I have a rather big XML file (13Mb - 4100 lines) where I need to search for data in the text elements using regex patterns.

To do so, I parse the file with XMLReader (http://www.php.net/XMLReader).

I have tried to use DOMDocument (http://www.php.net/m...domdocument.php), which I prefer, but it really is too slow.

 

The script runs really well as it returns me all the matches without any issue and very very fast.

BUT, I need to know the exact Xpath of every matched node and, surprisingly, XMLReader does not come with a XPath attribute or metod.

 

So, basically, what I am searching for is a effective (speed is important) way to get to know the XPath of any node parsed with XMLReader...

Any suggestions ?

 

Thanks for your time and feedback.

Link to comment
https://forums.phpfreaks.com/topic/274397-xmlreader-xpath/
Share on other sites

You could use XMLReader's expand() method to get a DOM version of the node. Then use the DOMNode base-class's method getNodePath() to return its location path.

 

Note that this will give different location paths than if you were to use SimpleXML/DOM, which load the entire document. The XMLReader -> DOM -> getNodePath will not include positional information (e.g. /example/something[3]), whereas (optionally, SimpleXML ->) DOM -> getNodePath will include it. Hopefully you can see why XMLReader won't know that positional information.

Link to comment
https://forums.phpfreaks.com/topic/274397-xmlreader-xpath/#findComment-1412021
Share on other sites

So you have told us you have a problem. Can you be more specific and show us what you are trying that doesn't work because, at present, I havn't a clue what you want.

 

It is very simple...

I've got an XML document that I need to parse node by node with XMLReader.

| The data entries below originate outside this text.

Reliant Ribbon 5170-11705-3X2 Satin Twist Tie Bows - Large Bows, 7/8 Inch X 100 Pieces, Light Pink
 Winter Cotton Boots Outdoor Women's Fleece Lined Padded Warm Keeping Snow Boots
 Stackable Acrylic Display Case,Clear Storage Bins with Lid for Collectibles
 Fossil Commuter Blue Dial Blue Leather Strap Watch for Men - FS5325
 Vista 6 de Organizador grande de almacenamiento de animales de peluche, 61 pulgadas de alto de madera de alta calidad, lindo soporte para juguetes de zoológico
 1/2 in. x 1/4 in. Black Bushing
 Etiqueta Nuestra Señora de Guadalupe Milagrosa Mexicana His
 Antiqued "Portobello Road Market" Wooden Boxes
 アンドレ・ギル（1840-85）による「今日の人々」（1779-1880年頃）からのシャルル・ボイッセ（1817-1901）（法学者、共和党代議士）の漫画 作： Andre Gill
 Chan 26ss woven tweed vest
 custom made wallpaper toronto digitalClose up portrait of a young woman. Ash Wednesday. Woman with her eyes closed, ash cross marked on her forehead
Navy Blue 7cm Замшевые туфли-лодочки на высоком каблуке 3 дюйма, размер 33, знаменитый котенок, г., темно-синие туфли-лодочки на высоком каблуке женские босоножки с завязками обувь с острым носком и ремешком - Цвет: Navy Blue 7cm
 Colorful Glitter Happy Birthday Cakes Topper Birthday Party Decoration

If the node's content matches a given regex pattern, I need to get the Xpath to that node.

Link to comment
https://forums.phpfreaks.com/topic/274397-xmlreader-xpath/#findComment-1412212
Share on other sites

You could use XMLReader's expand() method to get a DOM version of the node. Then use the DOMNode base-class's method getNodePath() to return its location path.

 

Note that this will give different location paths than if you were to use SimpleXML/DOM, which load the entire document. The XMLReader -> DOM -> getNodePath will not include positional information (e.g. /example/something[3]), whereas (optionally, SimpleXML ->) DOM -> getNodePath will include it. Hopefully you can see why XMLReader won't know that positional information.

 

Thanks Salathe...

I owe you a beer... Or at least half one

 

XMLReader -> DOM -> getNodePath() was not what I was looking for...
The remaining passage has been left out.